Mike Connors has been STRONGLY in favor of demolishing that building for as long as anyone can remember – so it did not surprise me – from watching the entire 12 hours of nonsense from up here in Safety Harbor on Friday – HOW he planned to eliminate several other viable proposals – and even TRIED to convice other committee members to not allow the most publicly popular proposal (Destination St Pete Pier) to get anywhere beyond 3RD place ranking.

Then – LATER – he tried to get them to rank – by offering up Destination to be in 2ND place – behind ALMA.

He was SO ridiculously obvious – IT WAS DISGUSTING TO WATCH!

THEN – a couple of committee members openly asked Mike Connors what would happen – if Council rejects their #1 pick – and he reluctantly THEN explained to them – the whole process must start over. It was then – and ONLY then – a few members realized the magnatude of their decision. They realized there was a VERY GOOD chance that Council WOULD NOT accept ALMA – due to the Citywide support for Destination – that was blatantly and DELIBERATELY being misrepresented by Mike Connors to achieve his agenda – resulting in the whole entire process starting over.

A couple of members also realized ALL of their time and work would go the way of a power flush – thanks to one inappropriate vote by any one of them – as a potential result of the continual prodding of their Chairperson – Mike Connors.
This is when they realized they could not make a final ranking decision Friday evening.
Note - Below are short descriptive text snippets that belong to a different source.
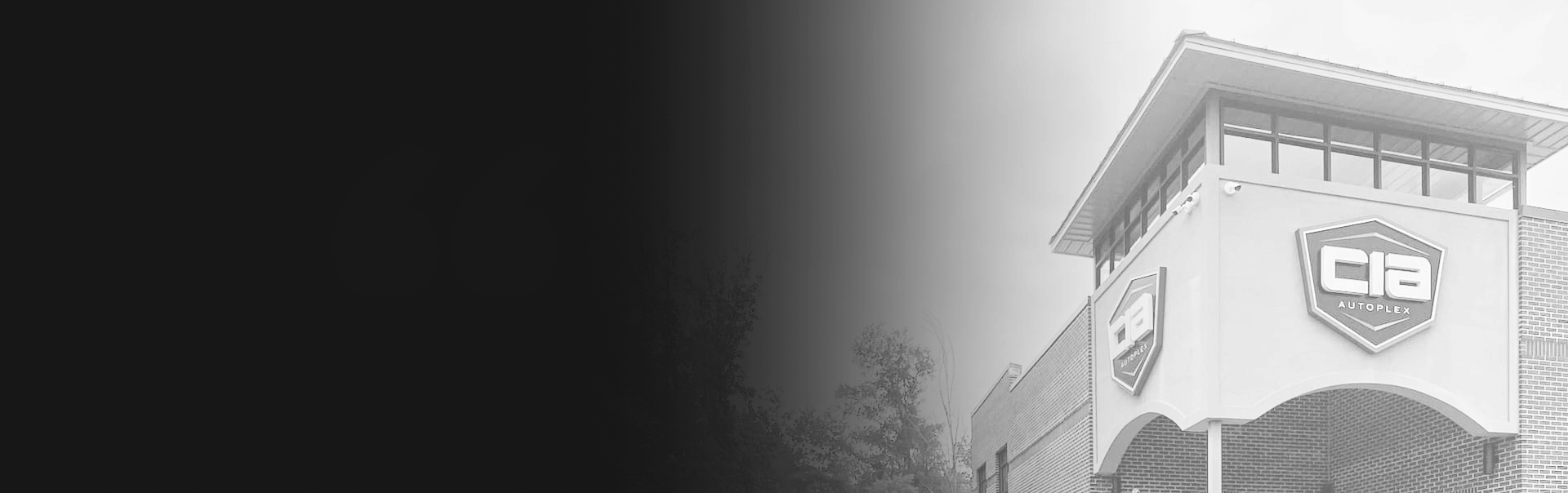 A black and white photo of a building | CIA Autoplex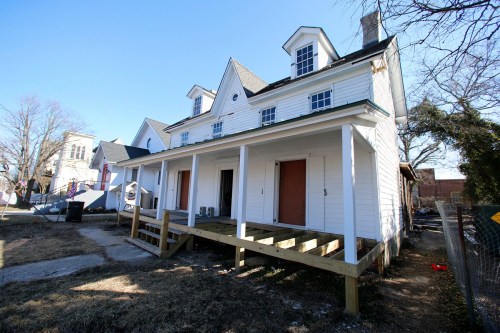 A white, two-story house with a porch and gabled roof, partially under renovation, set against a clear blue sky.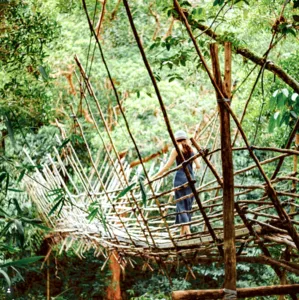 Ngapuh Homestead builder in a hat working among bamboo and branches in the forest, rainforest tones near Kuching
What this has now culminated into:

The public is OUTRAGED AND DISGUSTED to NOW realize HOW BADLY they have been lied to – regarding the Mayor’s initial promises to “listen, learn and lead” when he was running for office of Mayor. He OBVIOUSLY was not (and still is not) listening – he OBVIOUSLY has not learned anything from the last Mayor’s bully tactics – when he closed the entire Pier on May 31, 2013 – putting more than 400 full and part time employees out of work unnecessarily – and fencing it off to ready it for demolition – to make his point: That if the community did not support the LENS proposal in the upcoming 8/27/13 referendum – they would be looking at a closed down Pier – well into / or after 2018.
Well – we can all see today – how well that all worked out for him. Voters decided it was time to fire him just a couple of months later.

A TOTAL BETRAYAL of trust (now, again) by this Mayor – as handed out to City residents by his corrupt partner in this newly created Citywide crisis – Mike Connors.
There is likely NOTHING he is going to be able to say or do at this point – that is going to “change” the embarrassing nonsense that seemed to be never ending - Friday in Council Chambers.
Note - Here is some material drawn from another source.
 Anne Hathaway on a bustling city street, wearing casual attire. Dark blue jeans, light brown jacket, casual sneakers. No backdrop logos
It was nothing short of a train wreck – led by two of the City’s least respected employees (Mike Connors & Chris Ballestra) – with the Mayor DIRECTLY responsible to City residents for their deplorable actions. Isn’t it just amazing how he was nowhere around for that entire deplorable circus? And even today – he is just nowhere around. He has “spokespeople” to cover for him while he tries to figure out what his next steps could be.
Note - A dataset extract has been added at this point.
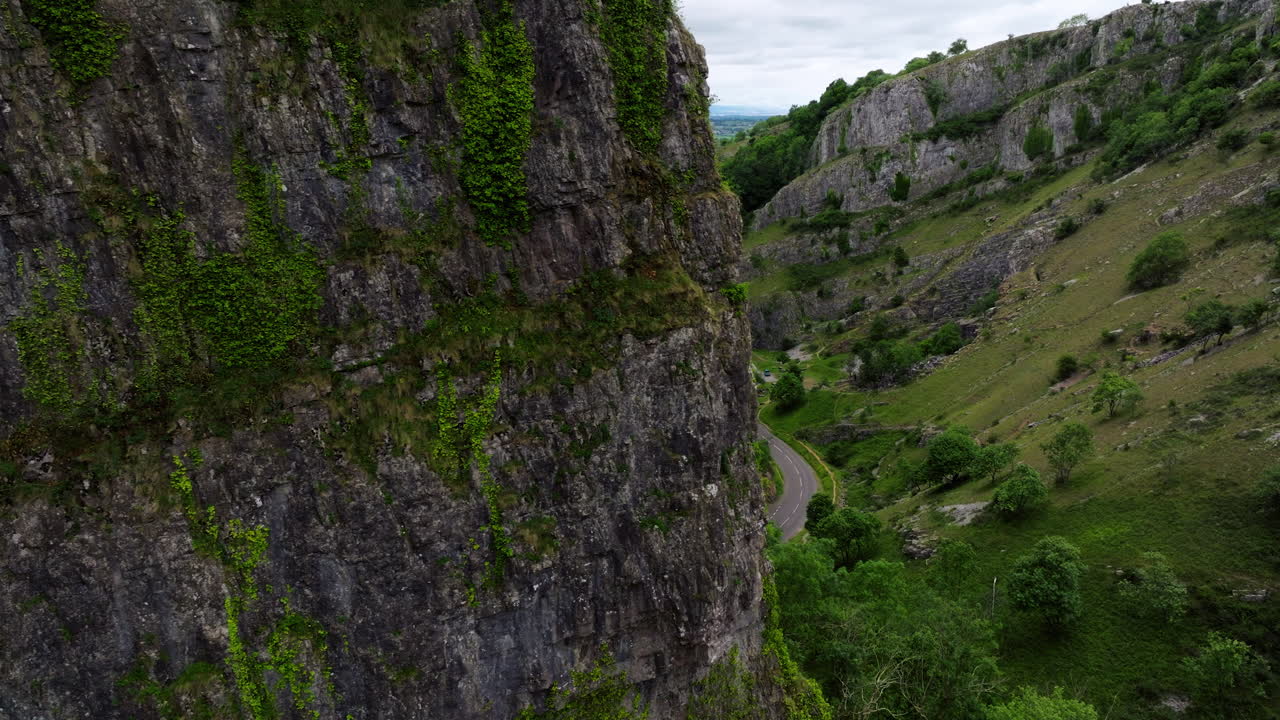 Steep Limestone Cliffs Of Cheddar Gorge In Somerset, England. Aerial Sideways Shot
If this were any business – Mike Connors would have been FIRED immediately – for the damage he as caused – by making HIS favorite choice – and HIS least favorite choice – SO obvious. He even went on in a lengthly dissertation – as to how people need to move on from that building – and that it makes no sense to renew a building that HE believes is not worth investing the money on.

This was clearly HIS opinion – and it should NOT have been a part of trying to persuade others to support HIS position.

NOW – Mayor Kriseman OWNS this mess he created. It appears he must have had a lot more confidence in Mike Connors pulling off his plan for demolishing the inverted pyramid – by TRYING DESPARATELY to put STRONGLY DISLIKED – LAST PLACE ALMA into the #1 ranking – CLEARLY AGAINST the majority of City residents that took part in SEVERAL polls over the last few weeks.

So now here we are today.

I have enlisted the services of several good attorneys over the past weekend – to put the finishing touches on – you guessed it – our next petition – that we plan to actually launch in the next few days. A DRAFT Copy – Not For Circulation (until we are ready to launch) – is attached for your review. We are now also in the process of updating our entire website – and creating the online downloadable and printable version of the Petition for our website – and preparing our 18 petition drop boxes – for deployment across the City.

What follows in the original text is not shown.